Apresentar condição crônica de saúde envolve diversas mudanças nos hábitos e na vida cotidiana dos indivíduos, o que pode ser extremamente penoso e difícil de aceitar. Receber o diagnóstico de uma doença crônica, como o diabetes, desperta diversos sentimentos, reações emocionais e fantasias, que precisam ser conhecidos e compreendidos pelos profissionais de saúde.
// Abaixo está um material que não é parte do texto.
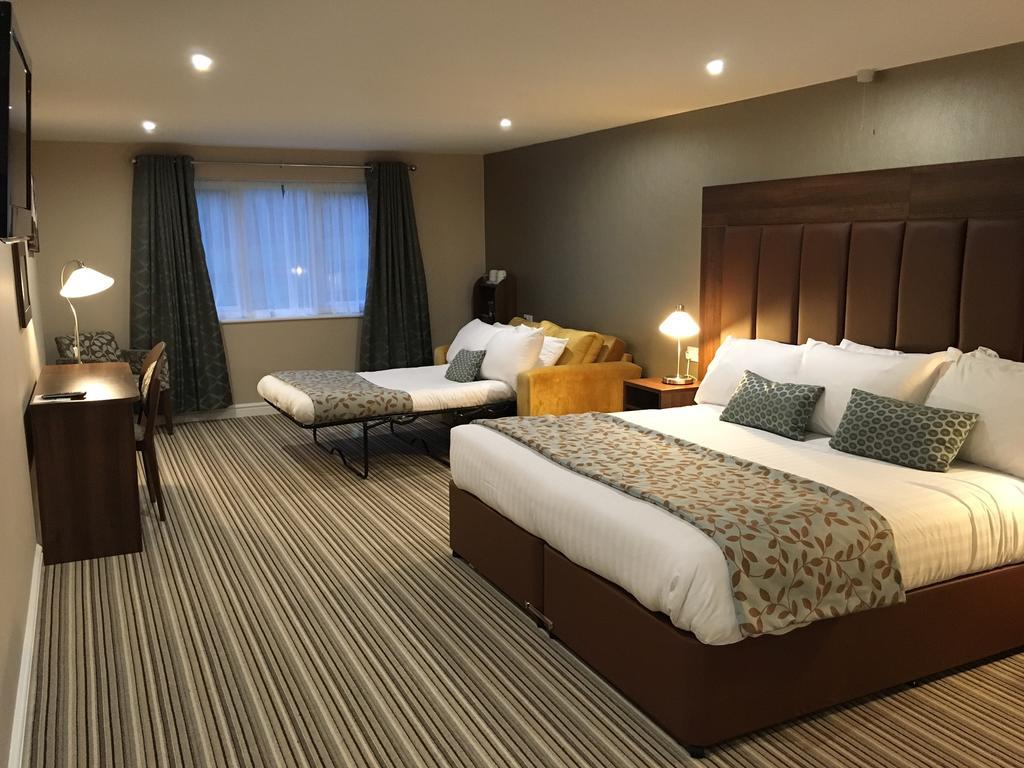 Twin Oaks Hotel Chesterfield Phòng bức ảnh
Os comportamentos apresentados estão relacionados a uma série de sentimentos que devem ser compreendidos por toda a equipe. Assim, as informações acerca das emoções desencadeadas pelo diabetes são fundamentais para o seguimento do tratamento da doença(12). Nas mulheres do estudo, o diagnóstico de diabetes veio acompanhado de tristeza, raiva, revolta e choque.

Ah, eu fiquei muito revoltada (Maria).

Eu fiquei muito chocada, fiquei muito triste (Vera).
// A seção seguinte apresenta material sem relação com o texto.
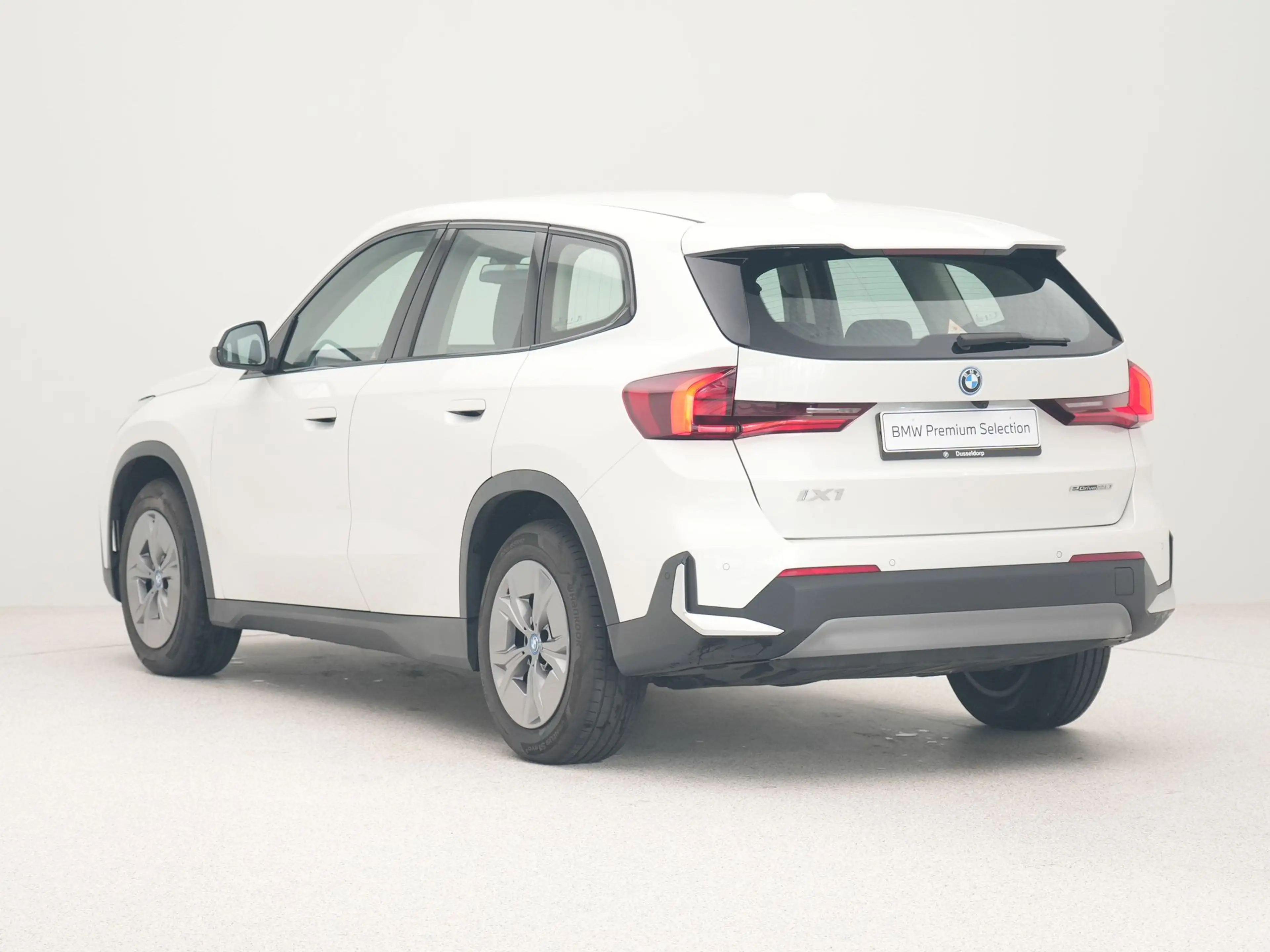 BMW iX1 eDrive20 67 kWh SoH 100% — photo 10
Após vários anos de diagnóstico, o distanciamento ("não preocupação" com a doença) apareceu freqüentemente nos depoimentos.
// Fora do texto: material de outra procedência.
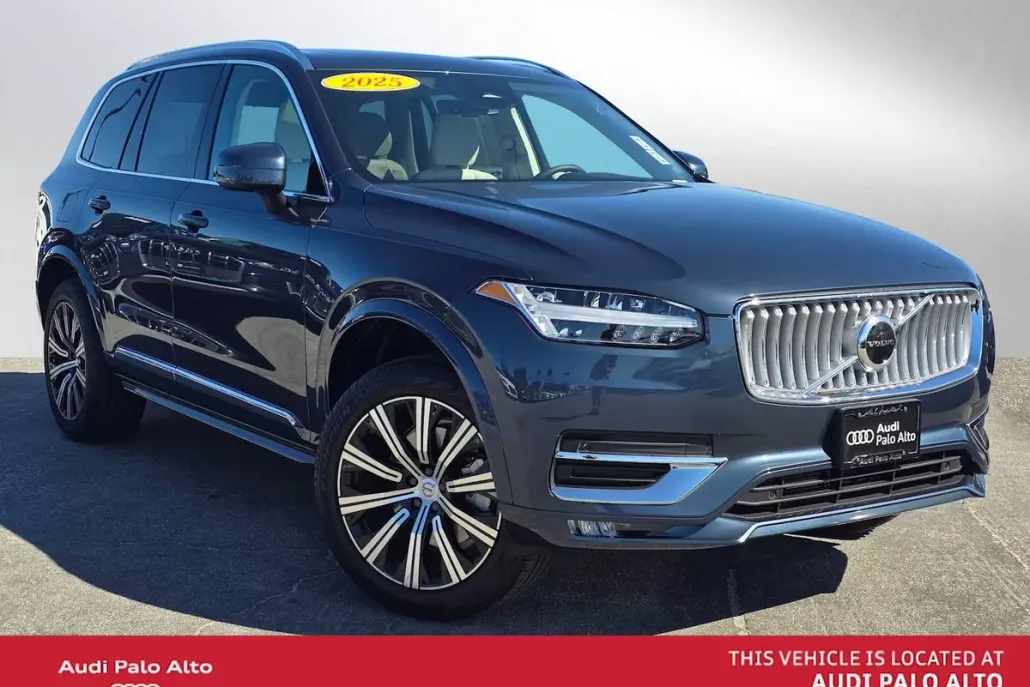 2025 Volvo XC90 Core photo 1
Agora para mim é normal, pra mim é que nem uma pessoa que não tem diabete (Ana).

Eu faço que nem tenho nada (...) levo a vida como se não tivesse (Lúcia).

As entrevistadas vivenciaram afetos negativos frente às proibições, limitações e possíveis complicações ditadas pelo diabetes. Por não suportarem viver o tempo todo com tantas restrições, carregadas de sentimentos negativos, usavam do mecanismo psíquico da negação como válvula de escape, buscando alívio para as ansiedades.

Na sociedade capitalista, aquele que adoece não pode permanecer por muito tempo nessa condição, de modo que estar doente é um estado suportável socialmente apenas por curto período de tempo. Assim, o paciente pode negar a sua doença e o fato do diabetes ser enfermidade sem sintomas e dor, podendo favorecer tal reação(13).

Os depoimentos revelaram a influência das emoções vivenciadas pelas mulheres no seguimento do tratamento e no controle da doença. As decisões em relação ao tratamento dessa enfermidade afetam e são afetadas pelos sentimentos, pensamentos, valores e outros aspectos psicossociais associados à enfermidade.

Agora se for ficar aí afobado (...) aquela afobação, aí às vezes não toma o remédio certo, não faz a dieta certa (Laura).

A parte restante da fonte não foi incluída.